### ASSIGNMENT
Write out every line exactly, from the first line of the records below through the line that contains "Signed and Stained".

### INPUT MATERIAL
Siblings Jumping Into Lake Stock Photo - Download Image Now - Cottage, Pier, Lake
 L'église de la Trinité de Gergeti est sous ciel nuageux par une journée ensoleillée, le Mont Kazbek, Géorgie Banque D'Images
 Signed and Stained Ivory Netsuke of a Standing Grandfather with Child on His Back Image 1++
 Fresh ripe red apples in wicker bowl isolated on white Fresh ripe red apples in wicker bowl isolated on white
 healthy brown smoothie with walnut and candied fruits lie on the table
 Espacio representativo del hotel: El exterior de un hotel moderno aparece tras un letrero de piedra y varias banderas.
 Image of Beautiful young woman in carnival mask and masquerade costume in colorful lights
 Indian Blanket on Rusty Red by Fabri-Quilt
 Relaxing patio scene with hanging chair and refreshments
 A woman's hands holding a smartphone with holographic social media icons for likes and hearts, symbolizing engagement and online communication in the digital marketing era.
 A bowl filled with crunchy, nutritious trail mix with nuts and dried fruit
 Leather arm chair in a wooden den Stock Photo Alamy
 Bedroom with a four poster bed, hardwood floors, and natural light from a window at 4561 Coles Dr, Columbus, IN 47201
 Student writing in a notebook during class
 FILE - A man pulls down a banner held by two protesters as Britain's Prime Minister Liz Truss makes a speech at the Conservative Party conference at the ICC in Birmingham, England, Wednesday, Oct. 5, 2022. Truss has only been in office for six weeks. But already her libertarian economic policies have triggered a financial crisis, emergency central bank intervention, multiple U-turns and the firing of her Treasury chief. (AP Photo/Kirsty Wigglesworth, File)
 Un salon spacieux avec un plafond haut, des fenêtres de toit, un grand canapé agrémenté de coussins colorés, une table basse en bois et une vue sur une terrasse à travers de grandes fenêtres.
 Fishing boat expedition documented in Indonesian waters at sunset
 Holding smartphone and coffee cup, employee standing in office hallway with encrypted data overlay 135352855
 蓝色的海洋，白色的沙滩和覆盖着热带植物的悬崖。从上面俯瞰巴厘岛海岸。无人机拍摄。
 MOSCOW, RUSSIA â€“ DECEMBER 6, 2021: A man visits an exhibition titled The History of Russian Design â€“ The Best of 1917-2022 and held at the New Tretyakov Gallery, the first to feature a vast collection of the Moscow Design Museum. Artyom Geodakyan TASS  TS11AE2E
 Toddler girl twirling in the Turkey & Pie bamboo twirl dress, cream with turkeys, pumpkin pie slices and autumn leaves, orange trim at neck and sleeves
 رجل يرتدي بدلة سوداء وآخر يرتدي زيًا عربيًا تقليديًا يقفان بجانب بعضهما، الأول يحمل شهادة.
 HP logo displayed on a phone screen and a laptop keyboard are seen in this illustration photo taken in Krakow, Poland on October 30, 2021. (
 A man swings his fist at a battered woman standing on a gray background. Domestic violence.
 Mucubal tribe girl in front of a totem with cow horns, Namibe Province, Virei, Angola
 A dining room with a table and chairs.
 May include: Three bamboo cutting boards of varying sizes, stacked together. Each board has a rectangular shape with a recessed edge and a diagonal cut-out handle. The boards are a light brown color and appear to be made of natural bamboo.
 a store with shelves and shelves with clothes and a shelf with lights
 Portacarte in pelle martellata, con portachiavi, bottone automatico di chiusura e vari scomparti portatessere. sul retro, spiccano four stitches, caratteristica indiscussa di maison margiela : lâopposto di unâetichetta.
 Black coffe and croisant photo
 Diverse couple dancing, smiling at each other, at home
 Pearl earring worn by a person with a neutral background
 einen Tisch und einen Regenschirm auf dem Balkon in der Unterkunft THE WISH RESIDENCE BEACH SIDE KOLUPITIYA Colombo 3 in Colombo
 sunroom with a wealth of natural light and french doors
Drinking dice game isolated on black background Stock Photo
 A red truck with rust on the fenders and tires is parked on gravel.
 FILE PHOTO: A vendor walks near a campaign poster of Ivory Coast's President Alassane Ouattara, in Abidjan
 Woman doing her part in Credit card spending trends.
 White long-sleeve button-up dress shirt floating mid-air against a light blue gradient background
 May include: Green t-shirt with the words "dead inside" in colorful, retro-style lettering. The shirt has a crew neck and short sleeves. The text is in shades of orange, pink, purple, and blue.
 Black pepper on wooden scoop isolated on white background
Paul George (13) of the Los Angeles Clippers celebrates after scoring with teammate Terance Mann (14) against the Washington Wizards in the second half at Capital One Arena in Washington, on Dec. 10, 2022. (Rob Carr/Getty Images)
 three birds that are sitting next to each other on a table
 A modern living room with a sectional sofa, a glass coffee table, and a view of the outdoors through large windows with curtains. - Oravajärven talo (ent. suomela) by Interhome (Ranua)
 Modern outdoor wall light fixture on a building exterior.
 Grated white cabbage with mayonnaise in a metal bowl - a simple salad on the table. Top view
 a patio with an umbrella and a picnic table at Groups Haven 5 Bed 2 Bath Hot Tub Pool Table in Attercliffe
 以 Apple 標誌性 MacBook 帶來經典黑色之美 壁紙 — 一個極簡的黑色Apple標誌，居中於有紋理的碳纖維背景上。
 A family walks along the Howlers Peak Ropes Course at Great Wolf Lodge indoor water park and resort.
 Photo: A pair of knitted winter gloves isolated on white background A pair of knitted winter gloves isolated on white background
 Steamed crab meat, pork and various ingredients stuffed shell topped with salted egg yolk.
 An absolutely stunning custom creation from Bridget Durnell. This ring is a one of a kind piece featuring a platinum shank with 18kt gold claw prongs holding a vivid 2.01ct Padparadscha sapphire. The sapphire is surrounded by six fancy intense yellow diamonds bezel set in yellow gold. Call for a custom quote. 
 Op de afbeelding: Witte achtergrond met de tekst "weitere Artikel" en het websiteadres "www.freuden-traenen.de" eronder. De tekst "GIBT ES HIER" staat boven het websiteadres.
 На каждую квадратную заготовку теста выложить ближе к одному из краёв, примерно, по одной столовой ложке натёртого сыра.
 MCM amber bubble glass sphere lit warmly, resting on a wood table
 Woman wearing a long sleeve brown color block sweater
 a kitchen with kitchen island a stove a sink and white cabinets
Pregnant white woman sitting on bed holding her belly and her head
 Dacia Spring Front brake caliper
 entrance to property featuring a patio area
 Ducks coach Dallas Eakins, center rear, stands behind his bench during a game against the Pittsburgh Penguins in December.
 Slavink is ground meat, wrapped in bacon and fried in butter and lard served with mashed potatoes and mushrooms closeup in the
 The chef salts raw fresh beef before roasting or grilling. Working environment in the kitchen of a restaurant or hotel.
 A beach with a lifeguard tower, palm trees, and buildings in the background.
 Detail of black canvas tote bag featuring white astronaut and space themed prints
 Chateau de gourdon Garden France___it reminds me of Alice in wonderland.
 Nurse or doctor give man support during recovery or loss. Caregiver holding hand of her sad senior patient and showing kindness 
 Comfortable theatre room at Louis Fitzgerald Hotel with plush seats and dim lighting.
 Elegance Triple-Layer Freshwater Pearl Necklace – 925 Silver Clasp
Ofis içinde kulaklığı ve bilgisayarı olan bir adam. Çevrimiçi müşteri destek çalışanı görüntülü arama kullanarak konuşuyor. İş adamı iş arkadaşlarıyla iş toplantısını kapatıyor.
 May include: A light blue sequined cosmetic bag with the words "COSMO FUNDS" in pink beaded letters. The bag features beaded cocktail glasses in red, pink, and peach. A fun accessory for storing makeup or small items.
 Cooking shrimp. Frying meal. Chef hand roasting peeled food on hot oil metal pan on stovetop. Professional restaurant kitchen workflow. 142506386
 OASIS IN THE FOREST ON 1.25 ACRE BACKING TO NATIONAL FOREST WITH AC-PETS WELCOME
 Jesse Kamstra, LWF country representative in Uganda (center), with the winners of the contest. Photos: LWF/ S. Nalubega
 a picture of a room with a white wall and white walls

### TASK OUTPUT
Siblings Jumping Into Lake Stock Photo - Download Image Now - Cottage, Pier, Lake
 L'église de la Trinité de Gergeti est sous ciel nuageux par une journée ensoleillée, le Mont Kazbek, Géorgie Banque D'Images
 Signed and Stained Ivory Netsuke of a Standing Grandfather with Child on His Back Image 1++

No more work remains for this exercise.